When Lynn is operating on John's head, she cuts the skin from the skull and then clips off some veins. Right when she asks Amanda to fill the syringe with alcohol to clean John's head, Lynn turns back to wipe up some of the blood, but there are no clips in place. A shot after that, we see her taking the syringe from Amanda's head and squirting the alcohol on John's head and the clips are there.
When Lynn, the Doctor, is drilling the four holes in Jigsaw's head for the operation, tape is on the drill to mark the maximum depth. The placement of the tape changes positions throughout the scene, between 1/2 inch and 1 1/2 inches.
The picture Jigsaw shows of Amanda in the flashback before she is captured and placed in her trap is actually a photo of her from Saw (2004), where she is interrogated about Jigsaw and explains what happened to her *after* she was in the trap.

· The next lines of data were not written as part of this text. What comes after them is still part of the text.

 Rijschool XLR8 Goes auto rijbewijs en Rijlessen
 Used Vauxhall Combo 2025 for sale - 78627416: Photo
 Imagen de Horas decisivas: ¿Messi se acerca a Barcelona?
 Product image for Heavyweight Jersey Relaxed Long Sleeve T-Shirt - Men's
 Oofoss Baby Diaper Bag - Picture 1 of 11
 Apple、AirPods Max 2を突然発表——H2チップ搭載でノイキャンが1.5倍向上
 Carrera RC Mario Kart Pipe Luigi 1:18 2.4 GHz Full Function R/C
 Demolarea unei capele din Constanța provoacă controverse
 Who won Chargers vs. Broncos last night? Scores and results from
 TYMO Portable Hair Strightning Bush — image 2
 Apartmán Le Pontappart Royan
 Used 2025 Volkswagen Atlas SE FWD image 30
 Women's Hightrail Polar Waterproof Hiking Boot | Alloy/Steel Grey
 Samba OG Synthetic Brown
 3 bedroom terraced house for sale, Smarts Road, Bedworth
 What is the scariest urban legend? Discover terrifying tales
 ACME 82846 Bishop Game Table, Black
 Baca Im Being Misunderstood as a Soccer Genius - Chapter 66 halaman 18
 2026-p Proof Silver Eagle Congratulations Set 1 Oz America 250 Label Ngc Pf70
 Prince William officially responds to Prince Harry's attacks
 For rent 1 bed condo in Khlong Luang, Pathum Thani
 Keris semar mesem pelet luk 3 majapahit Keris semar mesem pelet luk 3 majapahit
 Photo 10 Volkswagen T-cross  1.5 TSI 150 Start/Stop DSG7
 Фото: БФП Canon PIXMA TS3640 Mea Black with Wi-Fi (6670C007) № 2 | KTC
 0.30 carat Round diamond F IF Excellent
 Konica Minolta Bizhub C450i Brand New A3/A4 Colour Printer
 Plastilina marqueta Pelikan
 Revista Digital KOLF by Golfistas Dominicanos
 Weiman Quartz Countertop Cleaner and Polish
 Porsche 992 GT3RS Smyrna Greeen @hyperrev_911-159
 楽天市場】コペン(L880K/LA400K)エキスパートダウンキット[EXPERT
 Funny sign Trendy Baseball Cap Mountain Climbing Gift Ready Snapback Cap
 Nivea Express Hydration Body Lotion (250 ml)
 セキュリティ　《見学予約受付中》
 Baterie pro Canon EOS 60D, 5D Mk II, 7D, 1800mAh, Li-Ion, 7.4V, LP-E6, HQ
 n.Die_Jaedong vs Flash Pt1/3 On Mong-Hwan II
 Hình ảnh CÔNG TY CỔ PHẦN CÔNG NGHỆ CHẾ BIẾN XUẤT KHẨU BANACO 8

While Kerry is in the angel trap, and the key is first dropped in the acid it automatically begins to bubble immensely. But while the tape plays explaining the game and her objective the key does not bubble there is nothing happening in the jar but immediately after he says in a matter of seconds it bubbles profusely again once the camera focuses on the jar.
In the original Saw, Cary Elwes's character Dr. Gordon is very clearly blond. However, in the bathroom preparation scene in this film, Elwes's stand-in has very dark hair. Though it is tempting to blame this on the extreme contrast of the shot, Jigsaw's beard still registers as blond.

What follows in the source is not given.